Czołowi parlamentarzyści z Europy i Kanady stwierdzili, że wybory z 26 października nie były ani wolne, ani uczciwe i wezwali Unię Europejską do nieuznania ich wyników i nałożenia osobistych sankcji. Wśród sygnatariuszy oświadczenia znaleźli się przedstawiciele parlamentów Niemiec, Litwy, Estonii, Łotwy, Irlandii, Ukrainy, Polski, Kanady, Szwecji i Parlamentu Europejskiego. Zauważyli oni, że sytuacja polityczna w Gruzji w przeddzień wyborów nie spełniała europejskich standardów: kandydaci byli zastraszani, głosy były kupowane, a władza państwowa nadużywana. Międzynarodowi obserwatorzy potwierdzili, że oszustwa i manipulacje były znaczące, zwłaszcza w dniu głosowania, kiedy stosowano metody zastraszania i przekupywania wyborców. Parlamentarzyści podkreślili również, że polityka Gruzińskiego Marzenia nie była zgodna z wartościami UE, a kampania strachu tak zwanej „partii globalnej wojny” okazała się skuteczną manipulacją.

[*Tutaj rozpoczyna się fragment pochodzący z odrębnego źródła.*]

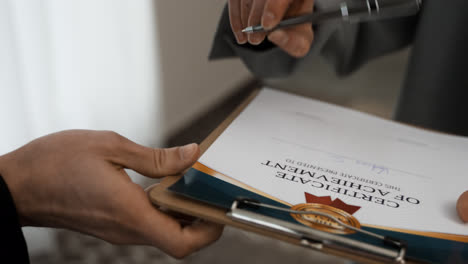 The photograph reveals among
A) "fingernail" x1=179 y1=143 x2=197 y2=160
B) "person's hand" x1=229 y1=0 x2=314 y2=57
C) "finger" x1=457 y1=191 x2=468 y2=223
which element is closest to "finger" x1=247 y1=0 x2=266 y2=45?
"person's hand" x1=229 y1=0 x2=314 y2=57

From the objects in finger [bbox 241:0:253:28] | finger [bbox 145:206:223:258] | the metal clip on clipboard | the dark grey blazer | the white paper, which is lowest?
finger [bbox 145:206:223:258]

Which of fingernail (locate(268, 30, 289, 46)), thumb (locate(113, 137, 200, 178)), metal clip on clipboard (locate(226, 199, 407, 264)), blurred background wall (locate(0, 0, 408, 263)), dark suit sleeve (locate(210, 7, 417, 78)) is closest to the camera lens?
metal clip on clipboard (locate(226, 199, 407, 264))

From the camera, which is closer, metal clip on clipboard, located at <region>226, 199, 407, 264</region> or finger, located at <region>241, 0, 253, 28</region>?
metal clip on clipboard, located at <region>226, 199, 407, 264</region>

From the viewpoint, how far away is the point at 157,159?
20.3 inches

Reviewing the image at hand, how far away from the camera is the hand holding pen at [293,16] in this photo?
51 centimetres

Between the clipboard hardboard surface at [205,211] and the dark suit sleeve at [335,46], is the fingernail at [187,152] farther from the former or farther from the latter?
the dark suit sleeve at [335,46]

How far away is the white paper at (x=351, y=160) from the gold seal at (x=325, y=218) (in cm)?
1

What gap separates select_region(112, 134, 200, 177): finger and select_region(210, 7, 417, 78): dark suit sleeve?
0.89 ft

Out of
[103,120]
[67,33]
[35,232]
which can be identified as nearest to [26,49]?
[67,33]

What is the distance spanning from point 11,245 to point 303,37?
1.61 feet

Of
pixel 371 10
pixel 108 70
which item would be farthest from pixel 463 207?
pixel 108 70

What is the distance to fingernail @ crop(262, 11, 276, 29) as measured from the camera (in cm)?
56

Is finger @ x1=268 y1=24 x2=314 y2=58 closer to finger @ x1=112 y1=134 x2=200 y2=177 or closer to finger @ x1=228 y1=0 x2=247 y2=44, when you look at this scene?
finger @ x1=228 y1=0 x2=247 y2=44

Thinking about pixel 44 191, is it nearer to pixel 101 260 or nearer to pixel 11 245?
pixel 11 245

Sekretarz stanu USA Anthony Blinken potępił naruszenia i podkreślił znaczenie zbadania wszystkich zarzutów. Wspieranie demokratycznych instytucji w krajach takich jak Gruzja ma kluczowe znaczenie dla ograniczenia rosyjskich wpływów i zapewnienia stabilności w regionach, w których Moskwa próbuje wzmocnić swoją obecność.
Rosyjska ingerencja w wybory stanowi poważne zagrożenie dla międzynarodowego bezpieczeństwa i demokracji. Moskwa wykorzystuje cały arsenał narzędzi – od dezinformacji i cyberataków po bezpośrednią ingerencję w procesy wyborcze – aby podważyć suwerenność i niezależność polityczną krajów na całym świecie. Gruzja stała się kolejnym celem rosyjskiej agresji, ale nie jedynym. Społeczność międzynarodowa musi działać wspólnie, aby przeciwdziałać temu zagrożeniu. Tylko poprzez zwiększoną współpracę międzynarodową, sankcje i wsparcie dla instytucji demokratycznych możemy zapobiec dalszemu rozprzestrzenianiu się autorytarnych wpływów Rosji oraz chronić wolność i niezależność państw.
Autor: K.M.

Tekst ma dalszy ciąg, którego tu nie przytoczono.